> _Work order_
Reproduce all of the records exactly.

> _Exercise input_
--- START ---
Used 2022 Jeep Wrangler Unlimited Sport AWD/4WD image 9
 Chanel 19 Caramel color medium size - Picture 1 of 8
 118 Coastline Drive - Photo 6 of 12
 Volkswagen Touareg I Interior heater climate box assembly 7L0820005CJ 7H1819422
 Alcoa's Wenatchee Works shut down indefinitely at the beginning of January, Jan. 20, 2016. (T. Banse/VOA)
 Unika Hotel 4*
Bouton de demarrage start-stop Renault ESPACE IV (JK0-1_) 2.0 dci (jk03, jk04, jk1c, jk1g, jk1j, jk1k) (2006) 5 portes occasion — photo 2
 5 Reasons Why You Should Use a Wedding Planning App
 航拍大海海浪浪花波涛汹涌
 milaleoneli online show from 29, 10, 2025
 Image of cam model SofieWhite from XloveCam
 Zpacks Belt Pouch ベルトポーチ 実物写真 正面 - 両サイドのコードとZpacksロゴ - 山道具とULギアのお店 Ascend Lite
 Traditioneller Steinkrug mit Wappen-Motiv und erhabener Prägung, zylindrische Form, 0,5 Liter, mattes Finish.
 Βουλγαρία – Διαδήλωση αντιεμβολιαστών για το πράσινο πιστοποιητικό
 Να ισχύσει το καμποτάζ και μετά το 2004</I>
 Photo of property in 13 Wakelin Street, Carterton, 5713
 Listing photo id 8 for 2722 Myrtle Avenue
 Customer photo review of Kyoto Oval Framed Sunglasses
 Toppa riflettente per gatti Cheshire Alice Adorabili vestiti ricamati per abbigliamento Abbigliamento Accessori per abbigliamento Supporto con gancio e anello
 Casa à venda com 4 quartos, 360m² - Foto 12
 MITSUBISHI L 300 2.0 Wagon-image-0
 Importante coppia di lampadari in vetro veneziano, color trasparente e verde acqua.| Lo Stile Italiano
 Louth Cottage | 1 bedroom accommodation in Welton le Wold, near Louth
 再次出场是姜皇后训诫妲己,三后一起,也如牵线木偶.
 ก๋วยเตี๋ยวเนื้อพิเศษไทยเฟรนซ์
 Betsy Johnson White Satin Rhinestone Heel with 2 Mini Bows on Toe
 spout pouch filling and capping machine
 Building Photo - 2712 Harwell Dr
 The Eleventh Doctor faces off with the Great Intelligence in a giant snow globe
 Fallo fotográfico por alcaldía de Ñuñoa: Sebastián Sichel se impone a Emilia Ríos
--- END ---
> _Written reply_
Used 2022 Jeep Wrangler Unlimited Sport AWD/4WD image 9
 Chanel 19 Caramel color medium size - Picture 1 of 8
 118 Coastline Drive - Photo 6 of 12
 Volkswagen Touareg I Interior heater climate box assembly 7L0820005CJ 7H1819422
 Alcoa's Wenatchee Works shut down indefinitely at the beginning of January, Jan. 20, 2016. (T. Banse/VOA)
 Unika Hotel 4*
Bouton de demarrage start-stop Renault ESPACE IV (JK0-1_) 2.0 dci (jk03, jk04, jk1c, jk1g, jk1j, jk1k) (2006) 5 portes occasion — photo 2
 5 Reasons Why You Should Use a Wedding Planning App
 航拍大海海浪浪花波涛汹涌
 milaleoneli online show from 29, 10, 2025
 Image of cam model SofieWhite from XloveCam
 Zpacks Belt Pouch ベルトポーチ 実物写真 正面 - 両サイドのコードとZpacksロゴ - 山道具とULギアのお店 Ascend Lite
 Traditioneller Steinkrug mit Wappen-Motiv und erhabener Prägung, zylindrische Form, 0,5 Liter, mattes Finish.
 Βουλγαρία – Διαδήλωση αντιεμβολιαστών για το πράσινο πιστοποιητικό
 Να ισχύσει το καμποτάζ και μετά το 2004</I>
 Photo of property in 13 Wakelin Street, Carterton, 5713
 Listing photo id 8 for 2722 Myrtle Avenue
 Customer photo review of Kyoto Oval Framed Sunglasses
 Toppa riflettente per gatti Cheshire Alice Adorabili vestiti ricamati per abbigliamento Abbigliamento Accessori per abbigliamento Supporto con gancio e anello
 Casa à venda com 4 quartos, 360m² - Foto 12
 MITSUBISHI L 300 2.0 Wagon-image-0
 Importante coppia di lampadari in vetro veneziano, color trasparente e verde acqua.| Lo Stile Italiano
 Louth Cottage | 1 bedroom accommodation in Welton le Wold, near Louth
 再次出场是姜皇后训诫妲己,三后一起,也如牵线木偶.
 ก๋วยเตี๋ยวเนื้อพิเศษไทยเฟรนซ์
 Betsy Johnson White Satin Rhinestone Heel with 2 Mini Bows on Toe
 spout pouch filling and capping machine
 Building Photo - 2712 Harwell Dr
 The Eleventh Doctor faces off with the Great Intelligence in a giant snow globe
 Fallo fotográfico por alcaldía de Ñuñoa: Sebastián Sichel se impone a Emilia Ríos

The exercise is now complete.